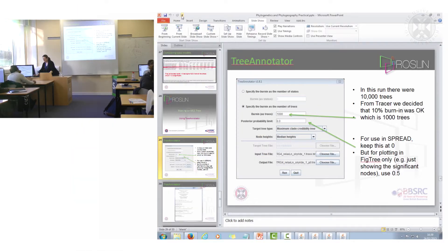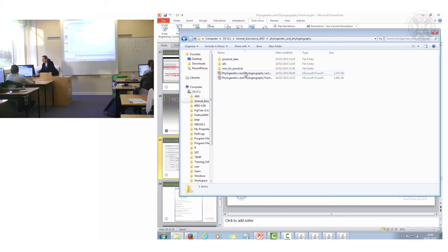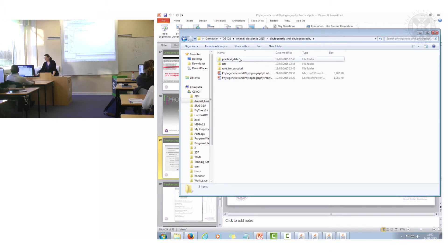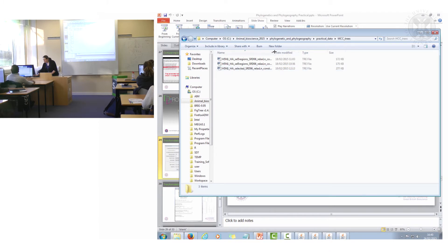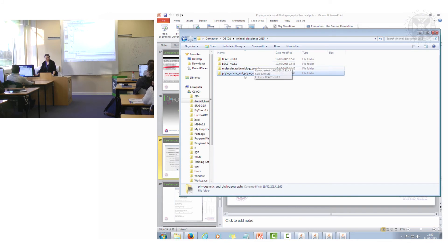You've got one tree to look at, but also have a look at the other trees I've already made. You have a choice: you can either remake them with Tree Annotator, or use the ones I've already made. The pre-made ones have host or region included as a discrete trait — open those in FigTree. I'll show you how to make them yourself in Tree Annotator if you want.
...
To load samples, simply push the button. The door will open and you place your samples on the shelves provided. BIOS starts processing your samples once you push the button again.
...
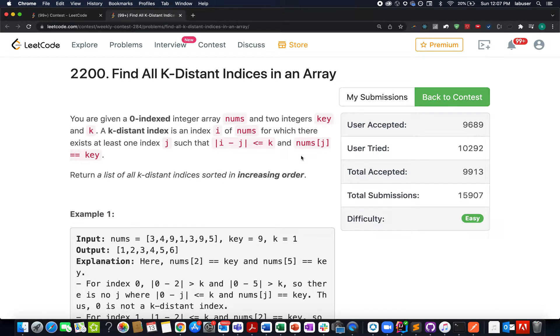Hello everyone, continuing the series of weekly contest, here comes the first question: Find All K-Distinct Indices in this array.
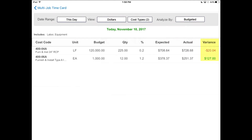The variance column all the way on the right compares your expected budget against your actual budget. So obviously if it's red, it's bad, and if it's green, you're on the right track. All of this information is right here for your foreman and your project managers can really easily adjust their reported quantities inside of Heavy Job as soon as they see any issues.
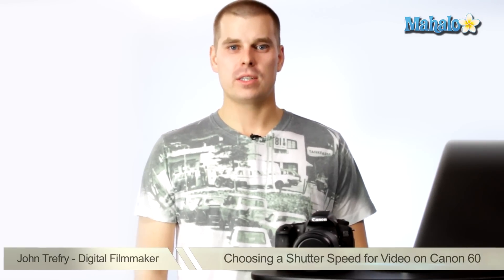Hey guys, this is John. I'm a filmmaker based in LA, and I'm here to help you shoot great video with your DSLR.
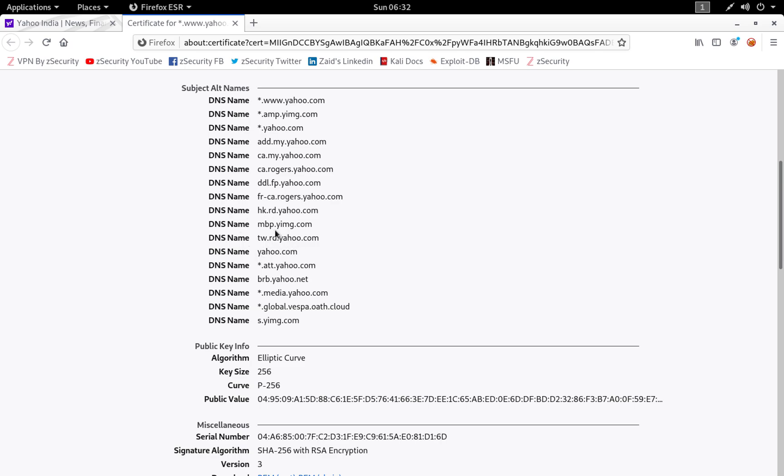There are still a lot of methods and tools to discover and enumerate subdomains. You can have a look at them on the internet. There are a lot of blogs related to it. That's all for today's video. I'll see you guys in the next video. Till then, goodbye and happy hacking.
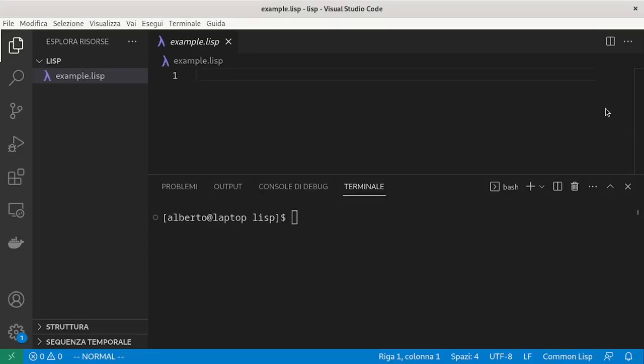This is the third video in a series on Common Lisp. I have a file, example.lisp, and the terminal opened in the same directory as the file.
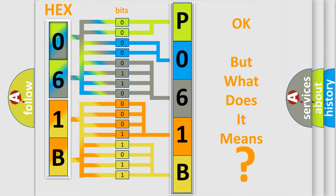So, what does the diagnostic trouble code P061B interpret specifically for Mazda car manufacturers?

> [REQUIRED ACTION]
With the pictures omitted, copy the entries above exactly from the line containing "Hello everyone, continuing" through the line containing "So, what does", both lines included.

> [TASK RESPONSE]
Hello everyone, continuing the series of weekly contest, here comes the first question: Find All K-Distinct Indices in this array.
The variance column all the way on the right compares your expected budget against your actual budget. So obviously if it's red, it's bad, and if it's green, you're on the right track. All of this information is right here for your foreman and your project managers can really easily adjust their reported quantities inside of Heavy Job as soon as they see any issues.
Hey guys, this is John. I'm a filmmaker based in LA, and I'm here to help you shoot great video with your DSLR.
There are still a lot of methods and tools to discover and enumerate subdomains. You can have a look at them on the internet. There are a lot of blogs related to it. That's all for today's video. I'll see you guys in the next video. Till then, goodbye and happy hacking.
This is the third video in a series on Common Lisp. I have a file, example.lisp, and the terminal opened in the same directory as the file.
So, what does the diagnostic trouble code P061B interpret specifically for Mazda car manufacturers?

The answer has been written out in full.